Mes jambes étaient flageolantes et ma plaie à la jambe s'est rouverte, ce qui m'obligeait à courir beaucoup plus lentement que d'habitude. Je saignais abondamment et je ne savais même pas combien de temps je pourrais encore tenir !

À ce moment-là, ma seule pensée était :

courir!

courir!!

courir!!!

Au détour d'une rue, je me suis aperçu que quelqu'un me rattrapait. J'ai tendu la main vers une poubelle, et la personne derrière moi a trébuché dessus. Je me suis alors engagé dans une petite ruelle.

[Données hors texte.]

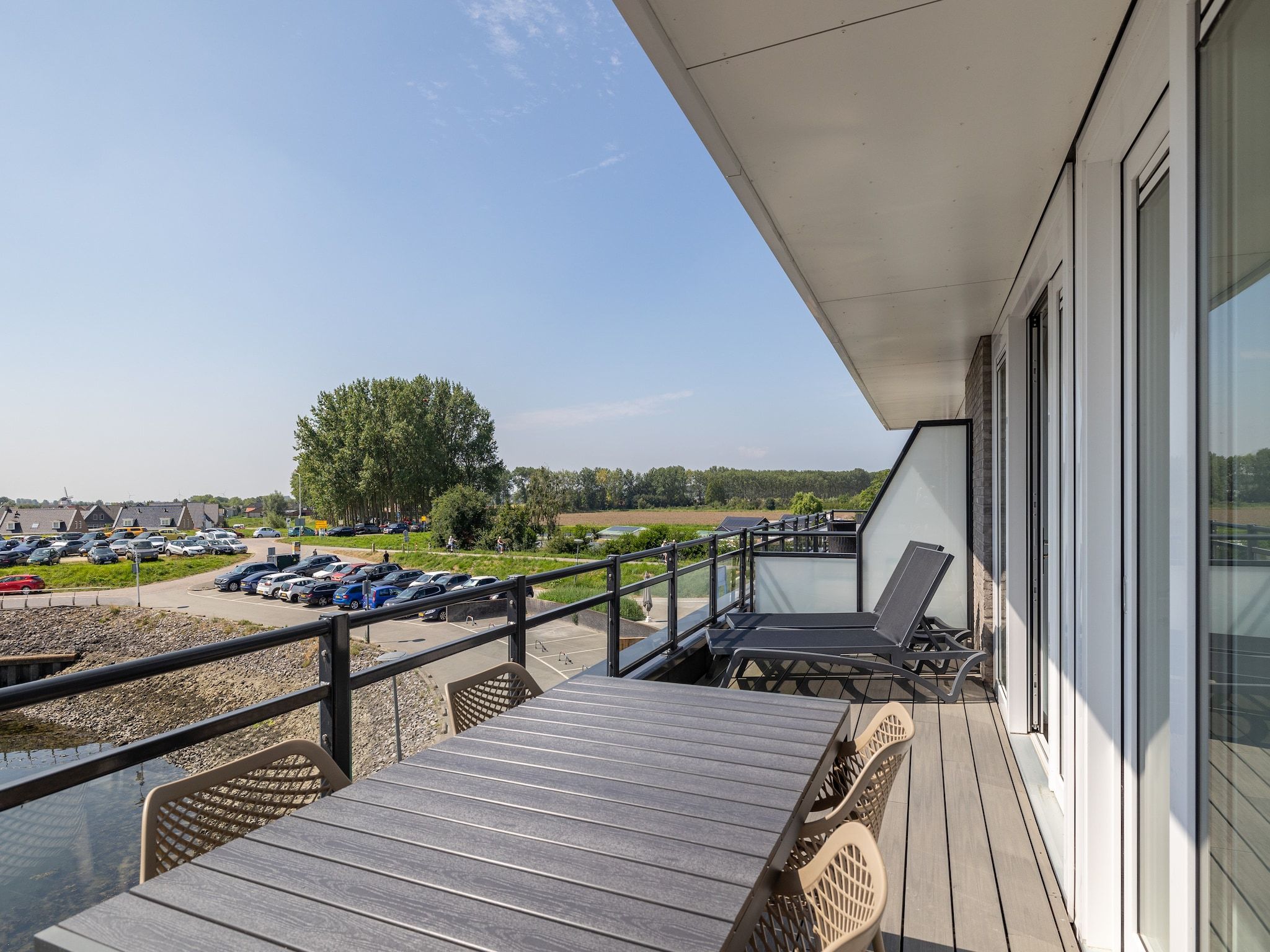 Het terras van Luxe appartement Vista Maris - Havenweg 8-46  Sint-Annaland Oosterschelde in Sint-Annaland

Cette ville m'est totalement inconnue. Je ne sais plus combien de fois j'ai tourné dans ces ruelles. Chaque intersection sombre me paraît être un monstre prêt à me dévorer, mais je n'ai pas le choix ! Je ne sais même pas quand j'ai perdu une de mes chaussures. J'ai pressé ma main contre la plaie à mon épaule, mais le sang continuait de couler entre mes doigts.

Plus je courais, plus j'avais froid, j'étais gelée !

Finalement, après avoir traversé le dernier carrefour en trombe, je suis arrivé dans une rue relativement animée.

C'est manifestement une rue pleine de stands de nourriture pour les noctambules.

En sortant précipitamment de la ruelle, je me suis cogné la tête la première contre une table. Des gens, ruisselants de sueur, y mangeaient. La table s'est aussitôt renversée et je suis tombé à terre, éclaboussé de mon repas. Les passants, horrifiés par mon apparence ensanglantée, ont hurlé et se sont éloignés à toute vitesse.

Je me suis relevée avec difficulté, puis j'ai jeté un coup d'œil autour de moi. Le vendeur ambulant tremblait et m'observait du coin de l'œil. Je me suis précipitée vers lui, j'ai pris un rouleau de papier toilette sur la table et je l'ai pressé fermement contre la plaie à mon épaule pour arrêter le saignement. Puis, titubante, j'ai choisi à la hâte une direction et j'ai continué à courir.